If you then fetch the first article the date of it will indicate how far 
back the articles are retained for that group on that server.

> Is there a way to make fetchnews copy more articles? Or maybe some
> smarter tool for the job? Preferably a tool that would run under
> Linux.
> 
> I apologize if this mail is off-topic.

I think the easiest way would be to use a newsreader to connect directly 
to the server (not to your Leafnode) and subscribe to that group and 
download all the messages.  You might have to over-ride a 'maximum number 
of messages' setting first.  Slrn+slrnpull would create a local spool in 
(Continue reading)

Matthias Andree | 4 Nov 2009 02:51
Picon
Picon

Re: Downloading old articles

Am 03.11.2009, 15:33 Uhr, schrieb Marcin Dziwnowski  
<m.dziwnowski@...>:

> I would like to download some (ok, quite a lot) old messages for my
> archive. My goal is to find and save every article posted by me to a
> particular group during the last 3 years. Having the archive of the
> group for that time locally would be a nice bonus.
>
> With Google Groups broken it's easier to grep the damn posts than to
> find something there. Leafnode stores articles conveniently for
> grepping, so I tried using fetchnews for downloading. Unfortunately,
> after a certain number of posts it just gives up:
> # fetchnews -vvvv -x 235000
>  backing up from 1706789 to 1471789
>  considering articles 1471789 - 1706793
>  0 articles fetched, 0 killed
> No information about why it does not attempt to download the missing
> posts is given (or maybe leafnode logs it somewhere?). I am pretty
> confident, but not 100% sure, that the server leafnode downloads from
> has more articles and it allows downloading them.

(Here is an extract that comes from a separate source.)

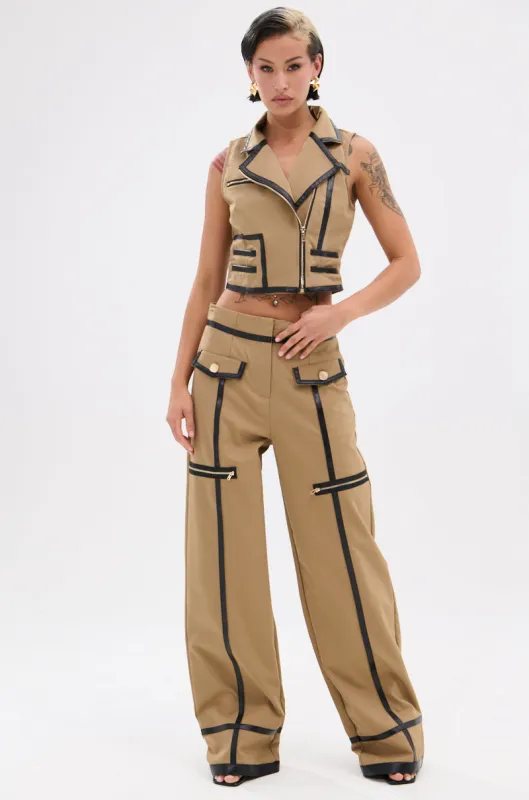 EAST HAMPTON WIDE LEG TROUSERS IN BROWN sold by AKIRA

Probably nothing offered. Does the server support XOVER? If not, try  
usexhdr=1 (in the config file, under the server=... line). Otherwise
please see the section "TROUBLESHOOTING" in the README file that comes  
with leafnode.

> Is there a way to make fetchnews copy more articles? Or maybe some
> smarter tool for the job? Preferably a tool that would run under
> Linux.

(Continue reading)

Marcin Dziwnowski | 5 Nov 2009 03:59
Picon

Re: Downloading old articles

On Tue, Nov 3, 2009 at 3:33 PM, Marcin Dziwnowski
<m.dziwnowski@...> wrote:

> # fetchnews -vvvv -x 235000
>  backing up from 1706789 to 1471789
>  considering articles 1471789 - 1706793
>  0 articles fetched, 0 killed
> No information about why it does not attempt to download the missing
> posts is given

As it turns out the server I am using probably just can't cope with
listing the demanded 235 000 posts all at once. The articles are
there, the xover command is recognized but it's just too much.

Is there a way to make fetchnews download posts in "batches", ten,
maybe twenty thousand every run? Without overloading the server with
listing three, four, five or six hundred thousand articles first?

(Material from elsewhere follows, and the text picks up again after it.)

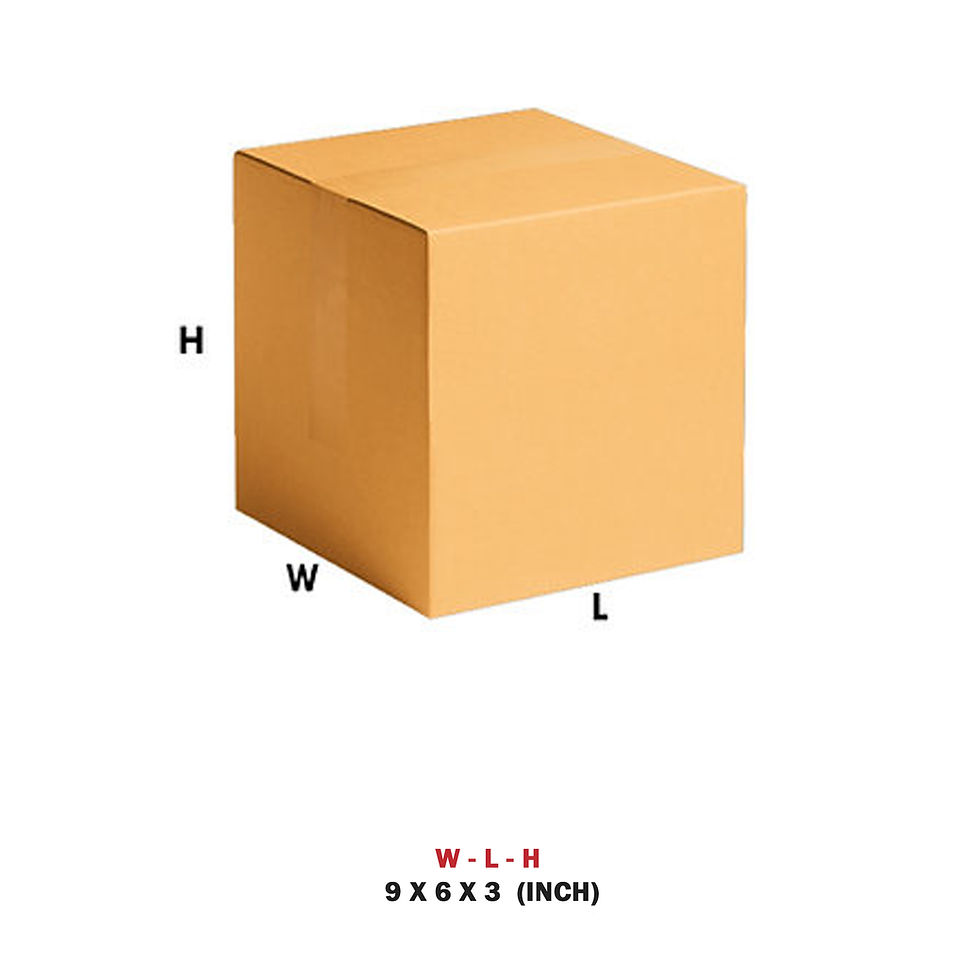 9 X 6 X 3 CORRUGATED 3PLY BOX - PACK OF 25 NOS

> Or maybe some smarter tool for the job?

The "smarter tool" term was very unfortunate, Matthias, I'm sorry.
--

-- 
_______________________________________________
leafnode-list mailing list
leafnode-list@...
https://www.dt.e-technik.uni-dortmund.de/mailman/listinfo/leafnode-list
http://leafnode.sourceforge.net/

Matthias Andree | 5 Nov 2009 09:28
Picon
Picon

Re: Downloading old articles

Am 05.11.2009, 03:59 Uhr, schrieb Marcin Dziwnowski  
<m.dziwnowski@...>:

> On Tue, Nov 3, 2009 at 3:33 PM, Marcin Dziwnowski
> <m.dziwnowski@...> wrote:
>
>> # fetchnews -vvvv -x 235000
>>  backing up from 1706789 to 1471789
>>  considering articles 1471789 - 1706793
>>  0 articles fetched, 0 killed
>> No information about why it does not attempt to download the missing
>> posts is given
>
> As it turns out the server I am using probably just can't cope with
> listing the demanded 235 000 posts all at once. The articles are
> there, the xover command is recognized but it's just too much.

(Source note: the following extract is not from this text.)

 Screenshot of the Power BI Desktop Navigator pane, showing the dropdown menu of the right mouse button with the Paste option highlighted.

Would XHDR work? Try   usexhdr = 1   in the .../config file below your  
"server = example.pl" line.

> Is there a way to make fetchnews download posts in "batches", ten,
> maybe twenty thousand every run? Without overloading the server with
> listing three, four, five or six hundred thousand articles first?

I figured that in leafnode 1 at least (didn't check leafnode 2)  
maxfetch=12345 overrides larger fetchnews -x 98765 values. I'm not sure if  
I'd consider that a bug or feature and if I want to fix it. Given  
leafnode-1's low release frequency and really long propagation into  
distributions I have some reservations about touching it.

(Continue reading)

Marcin Dziwnowski | 5 Nov 2009 15:51
Picon

Re: Downloading old articles

On Thu, Nov 5, 2009 at 9:28 AM, Matthias Andree <matthias.andree@...> wrote:

> Would XHDR work? Try   usexhdr = 1   in the .../config file below your
> "server = example.pl" line.

/var/log/news/news.notice says:
fetchnews[6630]: config: unknown line 12: "usexhdr = 1"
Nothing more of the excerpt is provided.